_The problem_. Using the listing below, copy exactly each line from the one that has "Triptych art skateboard" through the one that has "Snap Down Texture"; omit the pictures.

_Source data_.
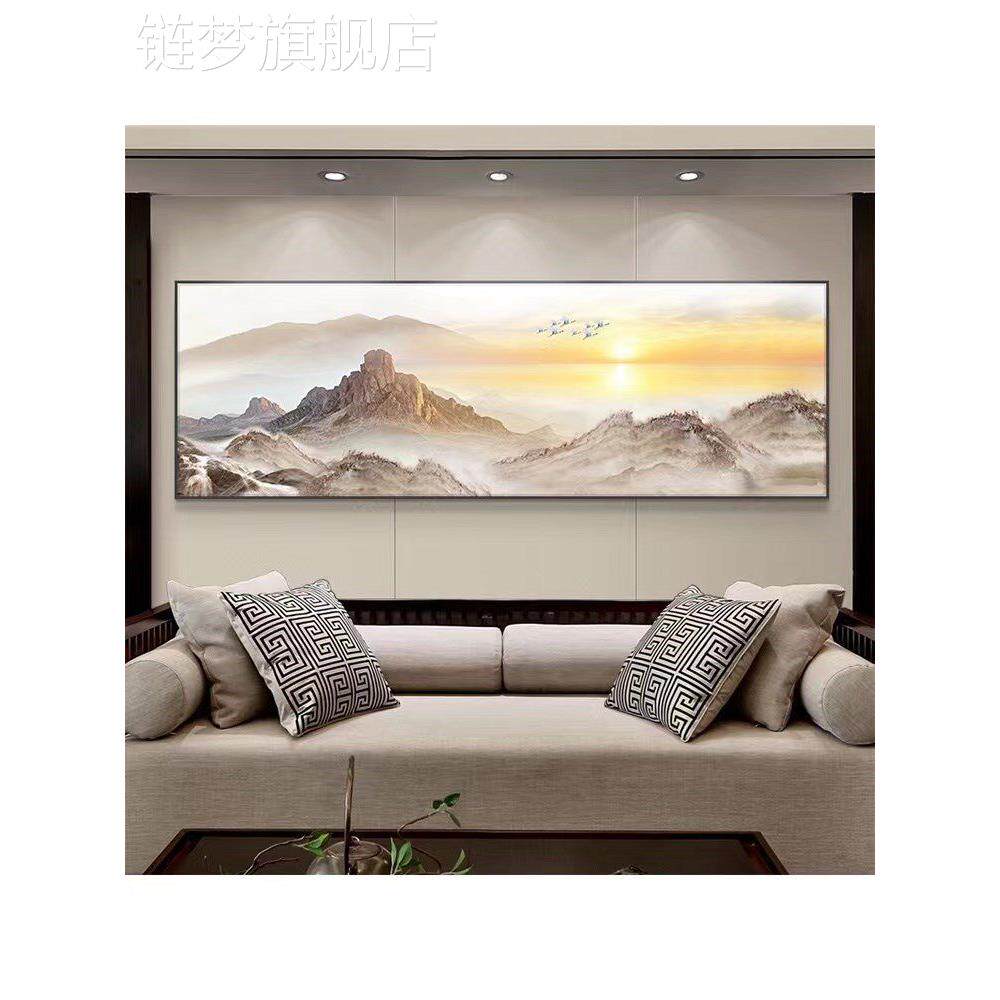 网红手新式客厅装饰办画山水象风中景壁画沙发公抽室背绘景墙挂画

---

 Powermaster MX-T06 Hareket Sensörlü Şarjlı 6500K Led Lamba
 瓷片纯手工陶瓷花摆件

* * *

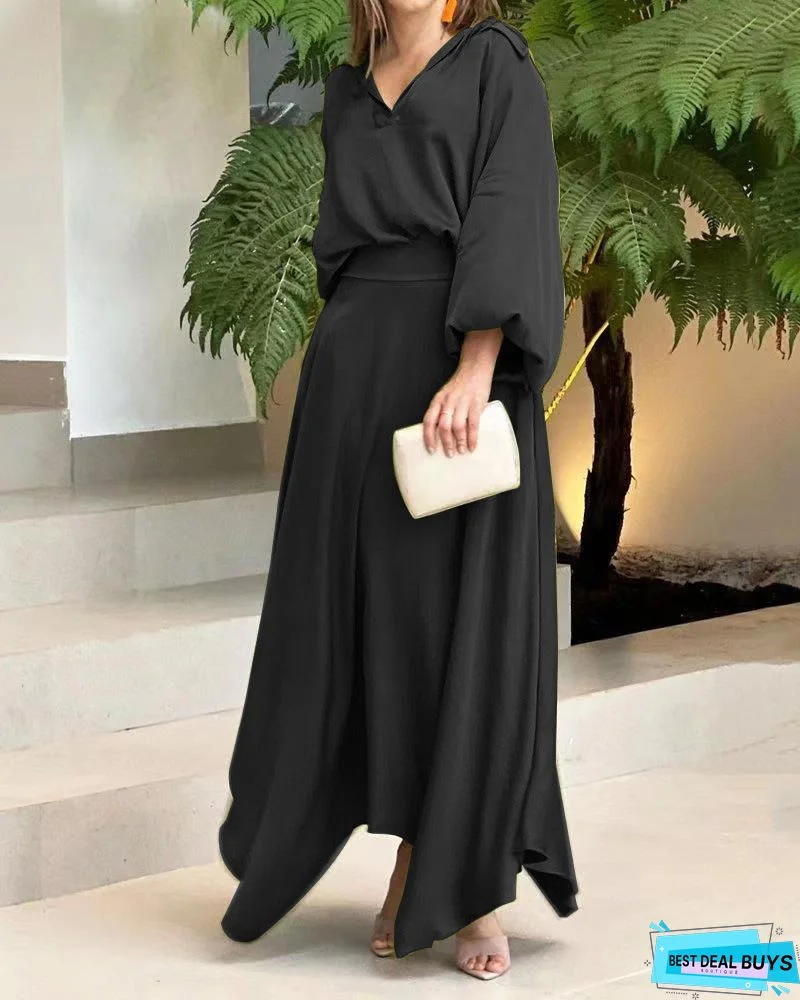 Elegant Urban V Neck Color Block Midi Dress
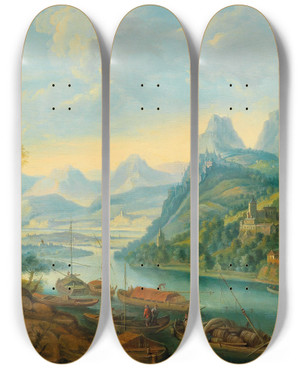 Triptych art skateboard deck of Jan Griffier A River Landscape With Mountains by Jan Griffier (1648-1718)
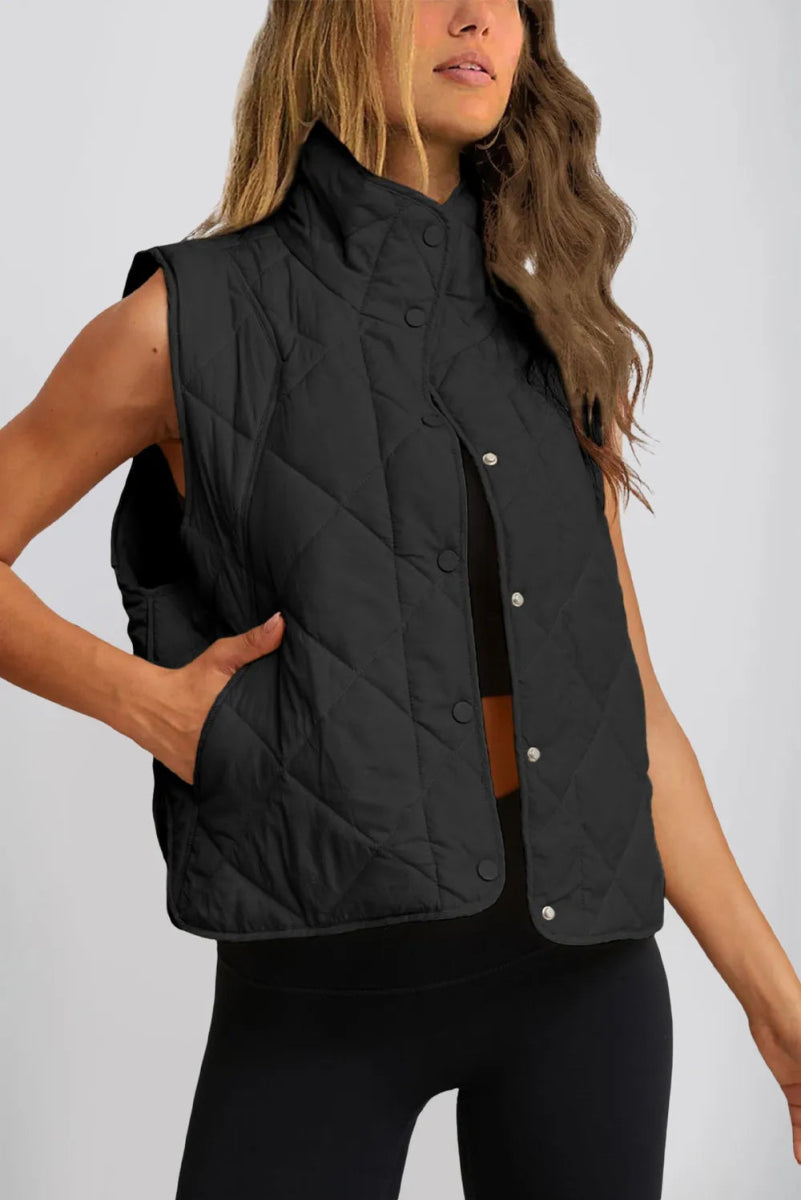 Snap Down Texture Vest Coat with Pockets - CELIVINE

_Answer to this exercise_.
 Triptych art skateboard deck of Jan Griffier A River Landscape With Mountains by Jan Griffier (1648-1718)
 Snap Down Texture Vest Coat with Pockets - CELIVINE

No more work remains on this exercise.